Henson took a keen interest in learning the Inughuit ways of life. He dressed like them, became fluent in their language, mastered their traditional arts of building and driving dogsleds, and embraced their cuisine (learning to hunt, skin, and enjoy seal, for example). Over the years, Henson proved himself to be both popular with the Inughuit and a vital member of Peary’s polar party. Indeed, Henson was the commander’s longest serving assistant and easily the most efficient. So when the commander had to choose one American member of his crew to accompany him and four Inughuit men (Ootah, Egingwah, Seegloo, and Ooqueah) on the final push to the pole, Henson was first pick.
After facing down fierce conditions—biting winds that froze their beards to their hoods, jagged ice they had to pickax their way through while hauling 250-kilogram sledges, black waters that unceremoniously swallowed them whole when they slipped on uneven ice, not to mention all that snoring—the six men stood at the top of the world. When the wind picked up and Peary’s tattered silk American flag rippled out, a rush of patriotism pulsed through Henson and he let out a victory cry.
But when the expedition returned to the United States, the conquest was marred by controversy, much of it focused on race. Questions arose as to why Peary chose to take a black man over a white man on the last leg of the journey. Henson was not a credible witness, critics charged; had they even reached the true North Pole? Peary defended his decision, saying Henson was indispensable, but later snubbed his loyal companion. Meanwhile, another American explorer, Frederick Cook, claimed he had beaten Team Peary to the North Pole by a year. While Peary eventually collected accolades, Henson received no fanfare and his role in the achievement was downplayed. Among the Inughuit, however, Henson was not soon forgotten.

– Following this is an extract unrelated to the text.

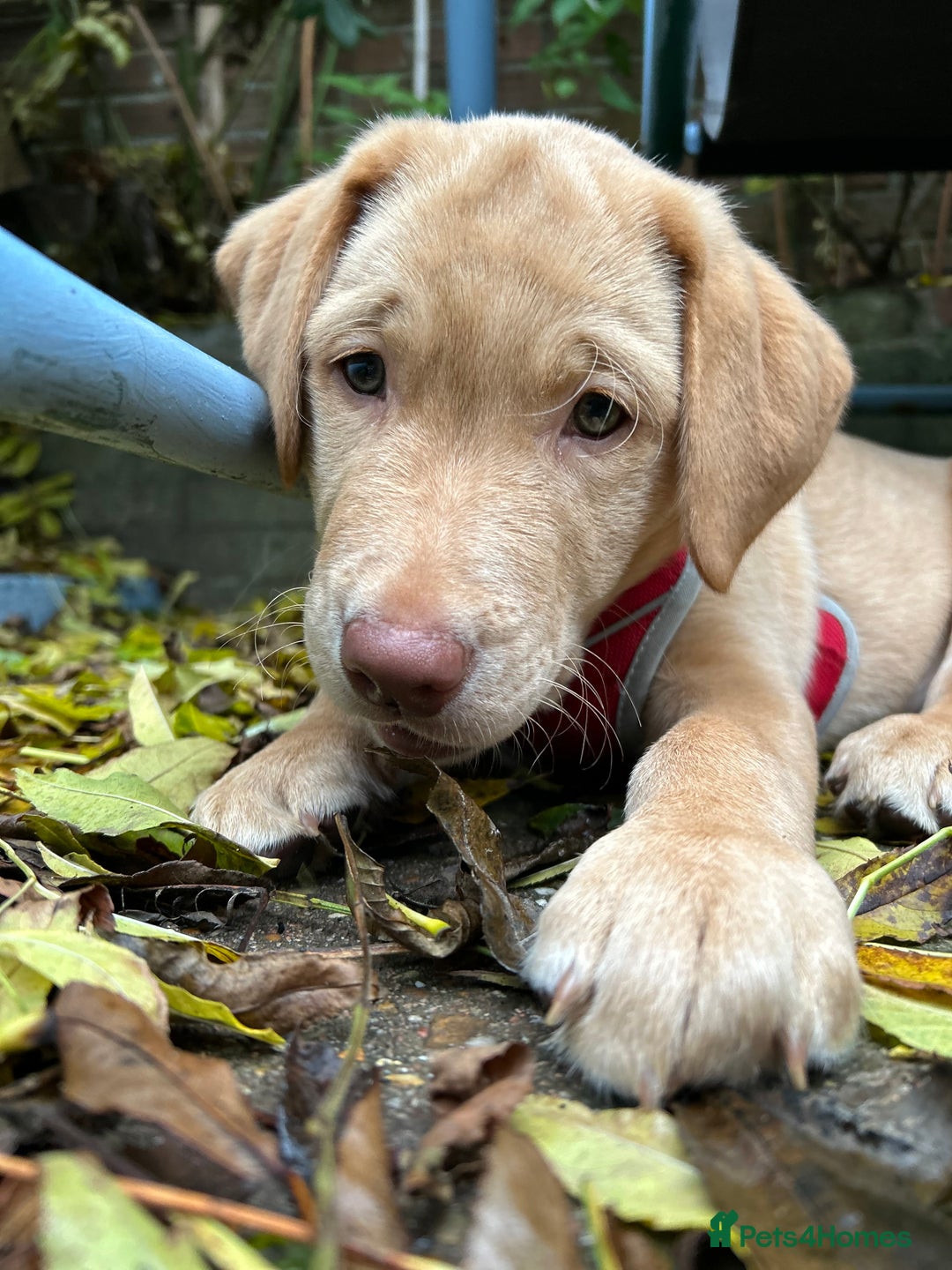 Labrador Retriever dogs for sale: PUPPY BOY LOOKING FOR FOREVER HOME   - Advert 22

On his penultimate trip to the Arctic highland, Henson fathered a son with an Inughuit woman, Akatingwah; the boy was born in 1906 and named Anaukaq. Peary, a married man with children back home, also had a relationship with an Inughuit woman and they had two boys. The explorers likely saw their children when they returned triumphant from the pole, but it was for the last time.
When Harvard professor S. Allen Counter tracked down Henson’s descendants in Greenland in 1986, he found a lineage of people proud of their links to the historic achievement. Anaukaq, then an octogenarian, told Counter he grew up hearing stories about his father, who was welcomed by the tribe. Counter also located Peary’s son Kali, who, in contrast, reported that his family had been poorly treated by the tribe because of his mother’s dalliance with the less popular explorer. Counter brought the men and some of their family members to the United States to meet their American relatives, and also led the charge to get Henson the recognition he deserved, including having his remains reinterred in Arlington National Cemetery—alongside Peary’s and those of other American heroes—on the 79th anniversary of the discovery of the pole in 1988.
Stories of Maripaluk continue to be passed down, inspiring new generations of Hensons to keep his memory alive. In 2009, Maripaluk’s great-granddaughter Aviaq Henson worked with POST Greenland to commemorate the 100th anniversary of the Arctic achievement with a stamp. The first-day cover includes an image of a smiling Akatingwah with little Anaukaq strapped to her back—a reminder of the legends and legacy Henson left behind.